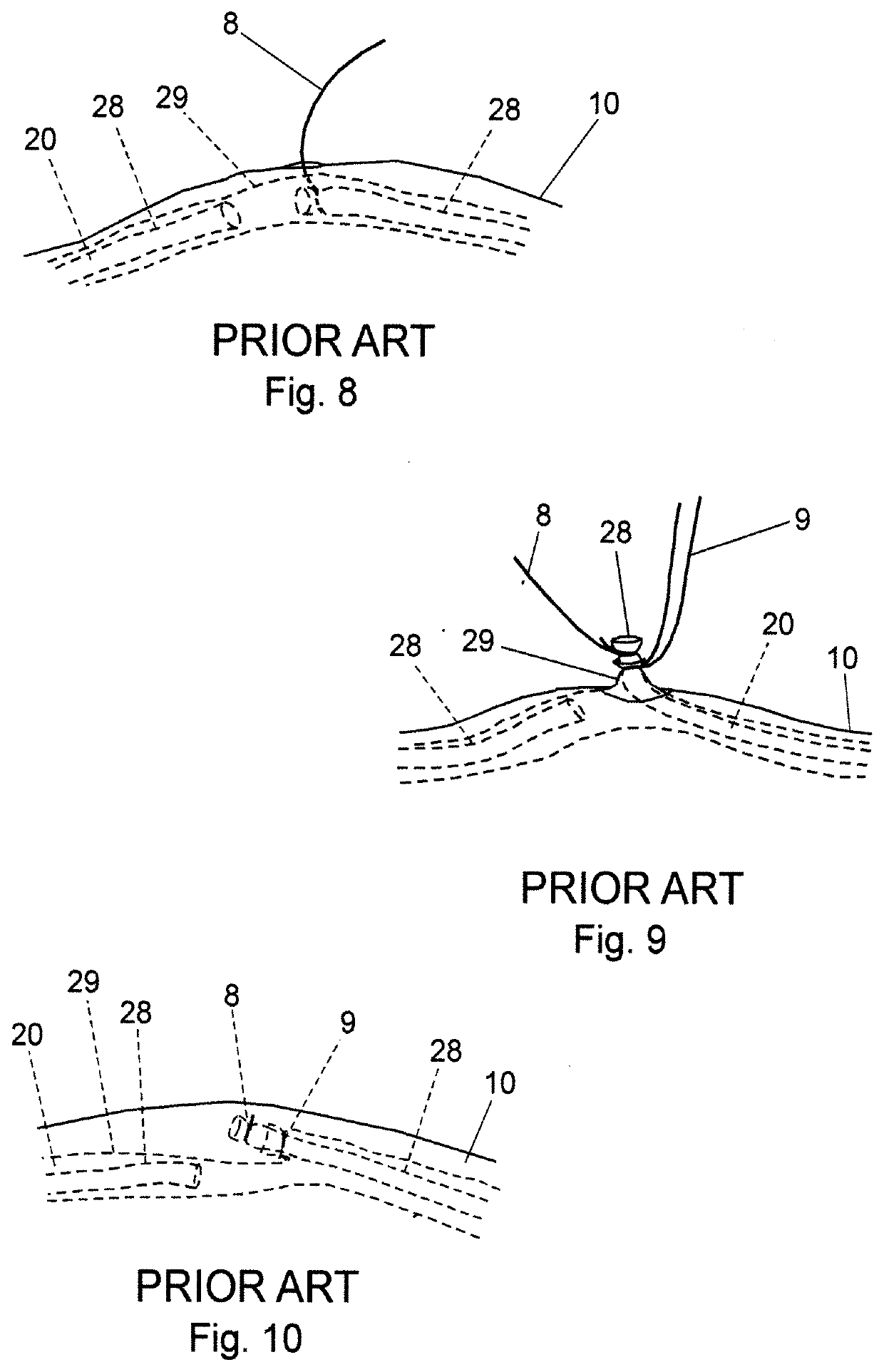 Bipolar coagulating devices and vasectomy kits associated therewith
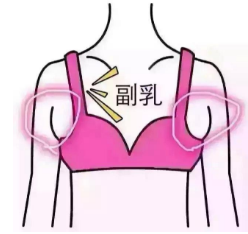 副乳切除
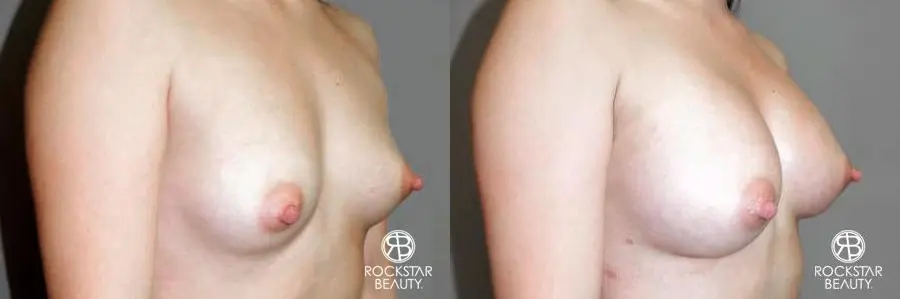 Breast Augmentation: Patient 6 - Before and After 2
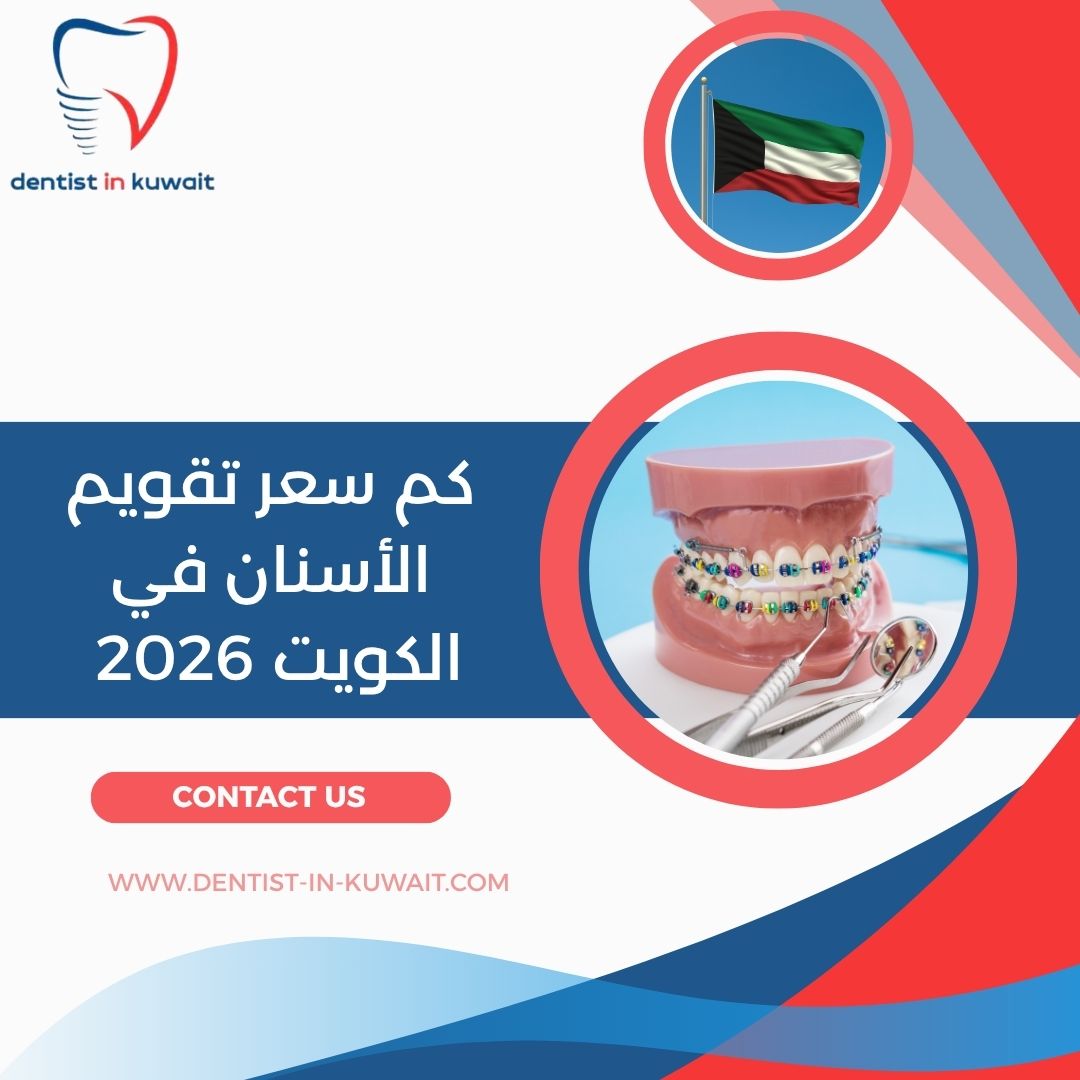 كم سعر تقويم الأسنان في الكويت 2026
--
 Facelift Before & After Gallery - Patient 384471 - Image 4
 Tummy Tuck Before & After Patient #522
...
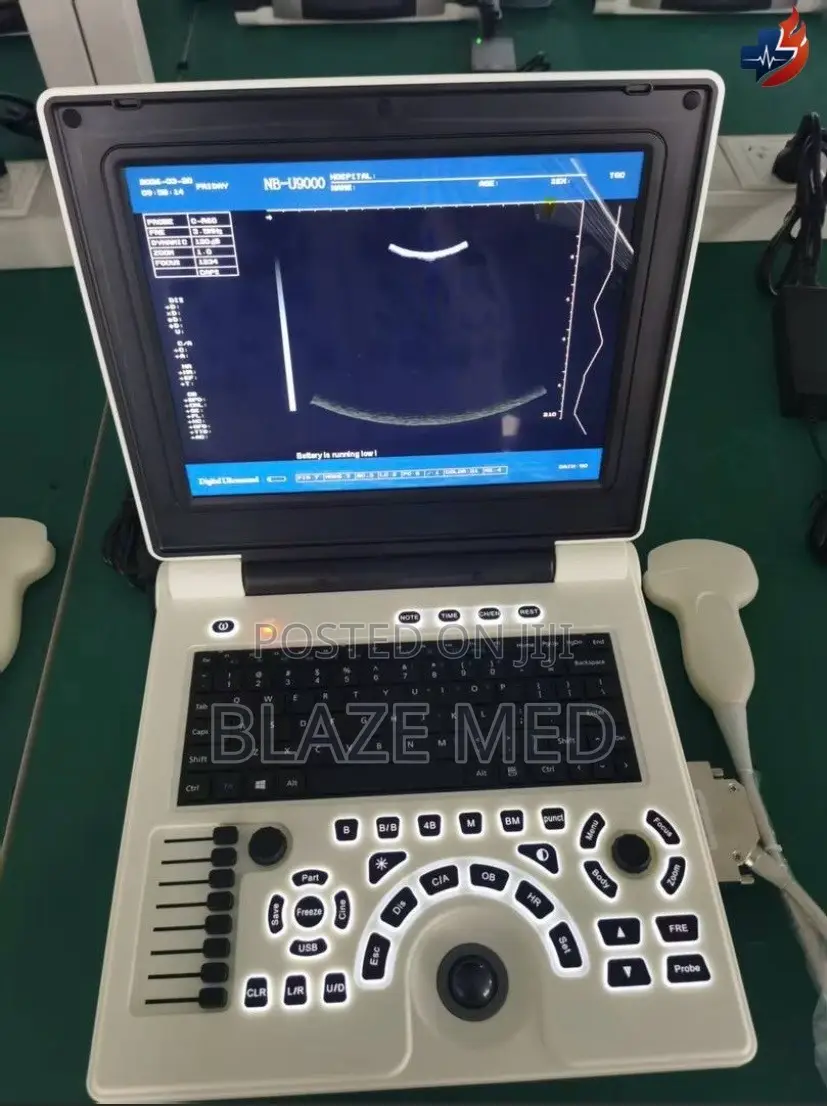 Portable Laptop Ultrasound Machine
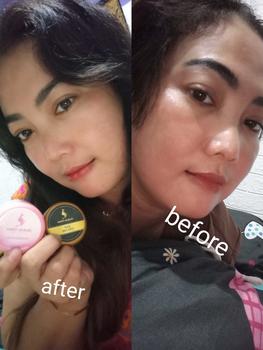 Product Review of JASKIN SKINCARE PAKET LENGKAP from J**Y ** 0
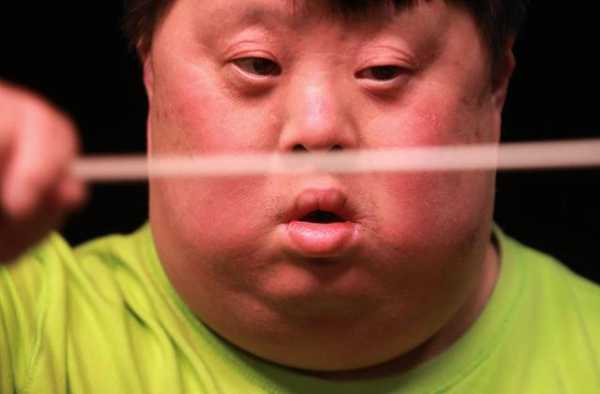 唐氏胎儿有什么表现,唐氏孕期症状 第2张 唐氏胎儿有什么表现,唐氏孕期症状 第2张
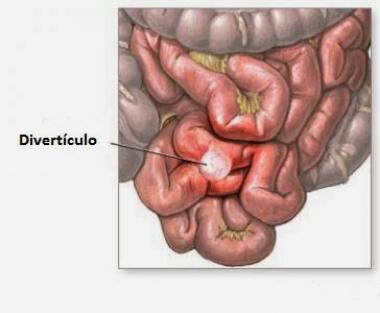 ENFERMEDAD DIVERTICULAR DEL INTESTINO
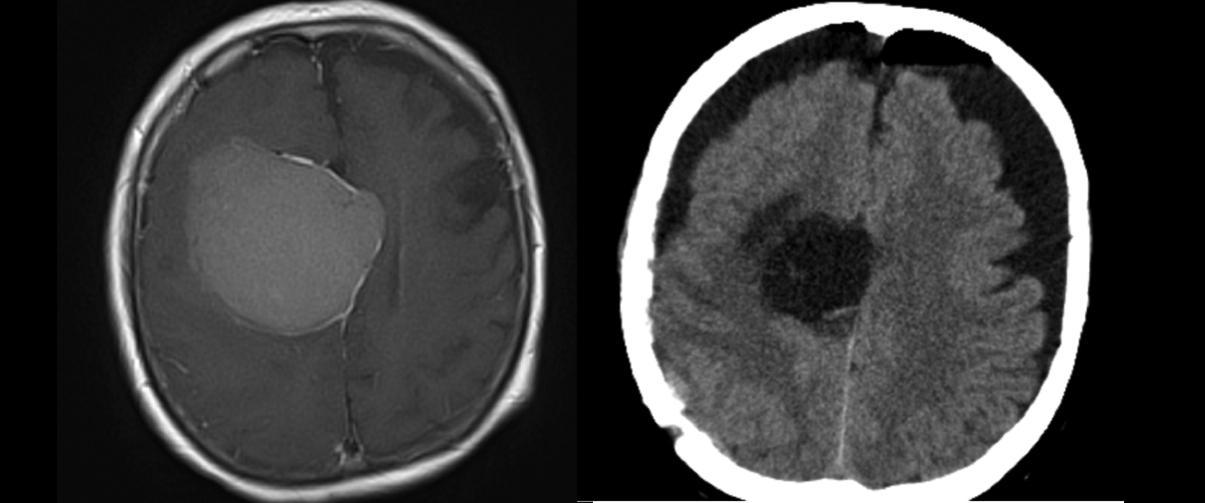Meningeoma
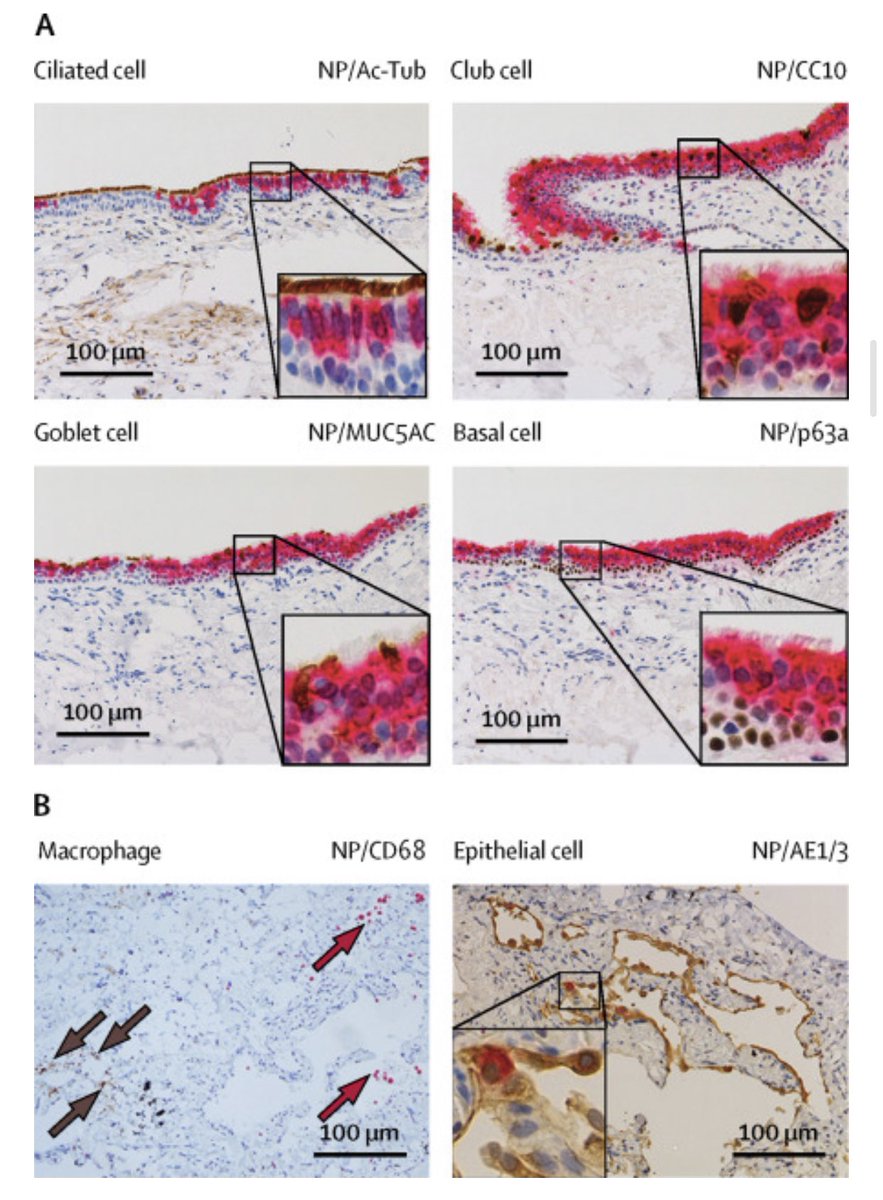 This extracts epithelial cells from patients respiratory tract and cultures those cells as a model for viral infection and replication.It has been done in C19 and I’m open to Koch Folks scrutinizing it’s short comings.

Task brief
While skipping the pictures, transcribe the data above from the line showing "Breast Augmentation: Patient" through the line showing "كم سعر تقويم الأسنان في الكويت 2026", exactly and with both ends.

Answer for this exercise
 Breast Augmentation: Patient 6 - Before and After 2
 كم سعر تقويم الأسنان في الكويت 2026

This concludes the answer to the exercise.